First, for anyone who wants to make the point that ass grabbing is not a big deal, I will give you that the vast majority of women would rather be groped than raped. I am still not going to minimize it.

It wouldn't be good on its own. It's disrespectful, objectifying, and it is embarrassing. You can tell yourself that their behavior is not personal -- they are treating you this way because you are a women and that makes you a good opportunity to assert their dominance. We remind each other of that all the time; I have done this yesterday and this morning with different women. We have to because it is the easiest thing in the world to think it's you. Somehow there must be something wrong or weak or despicable about you, for them to treat you like that.

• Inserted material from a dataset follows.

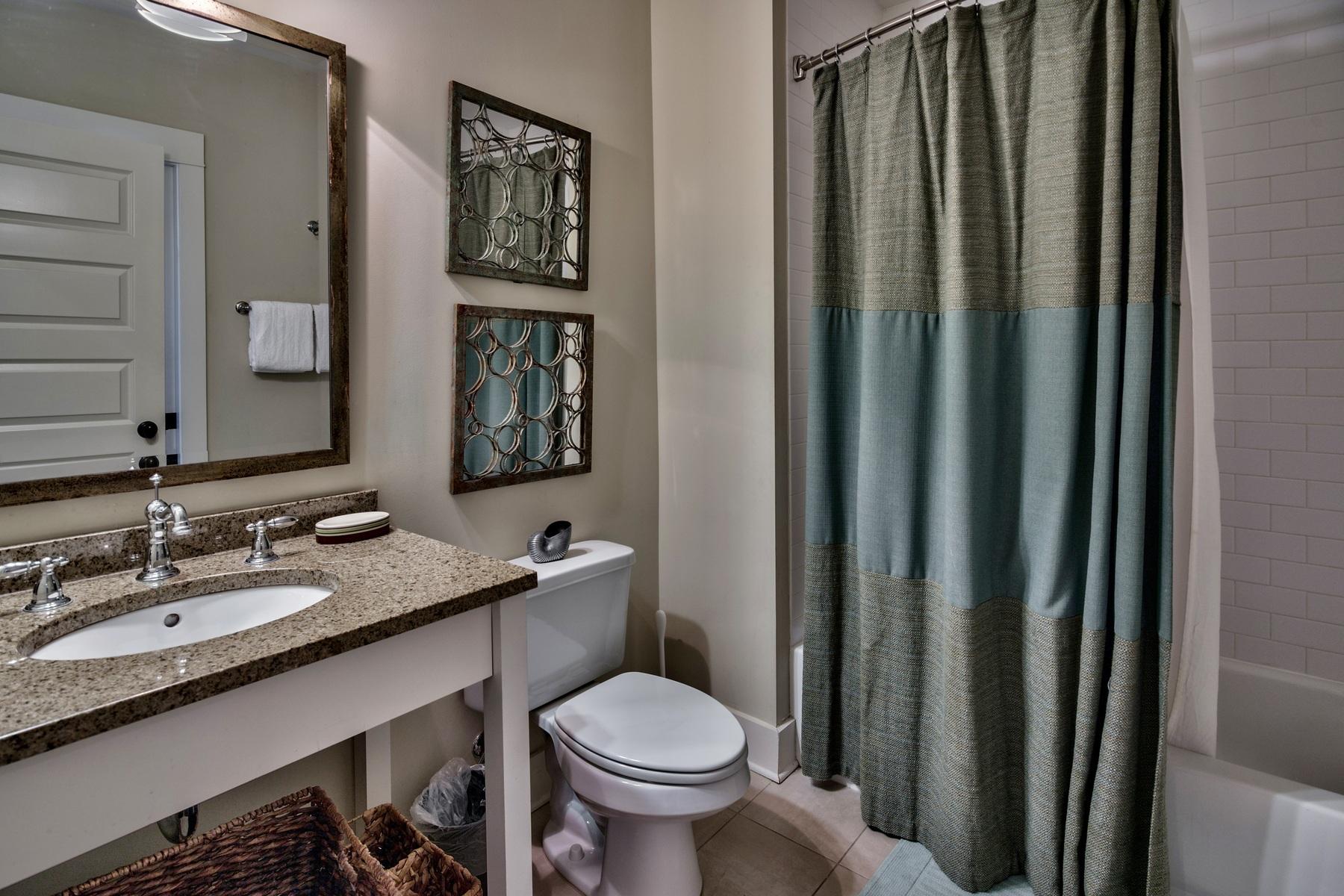 REDFISH VILLAGE - Residential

Getting grabbed is not a compliment. It can be fun for the person doing it, but given how negative an experience it is for the one receiving it, no decent person should find that an acceptable way of having fun. And that's just for the groping, because women never know where it will stop. Some are satisfied with a quick feel, but there are others who are pressing boundaries, calculating how far they can go. Some of them really enjoy feeling the fear, but then there are others who will be annoyed with your fear, because obviously it was all in good fun.

There is fear in pushing back against it too. There aren't many visual cues behind which pushy guy will just swear at you once, which will find ways to up that to frequent verbal abuse, which will slap you or which will shoot you. I wish I were exaggerating.

So I think sometimes the reason we have a hard time moving past rape culture is there are so many people who - without being predators or prey - don't understand that there are predators or how difficult being prey can be.

Many of these are men who would never rape a woman who still feel free to critique her clothing choices or demand that she smile or slap her butt. There are also men who will say they would never rape, but then admit to having done things that fit the legal definition of rape without calling it that. And there are women who will support them, especially if it's family.

So okay, maybe we do need to teach people not to rape, or harass, or assault, or assert their dominance over someone else's body, because they don't have a right to that person's body. See, it's that bodily autonomy again.

But here's a way where focusing on obtaining consent can be helpful, beyond avoiding legal charges. When you want to do something to another person, imagine asking for permission: how do you sound?

The good news is that if it turns out that you sound like an ass, perhaps you will enjoy grabbing yourself.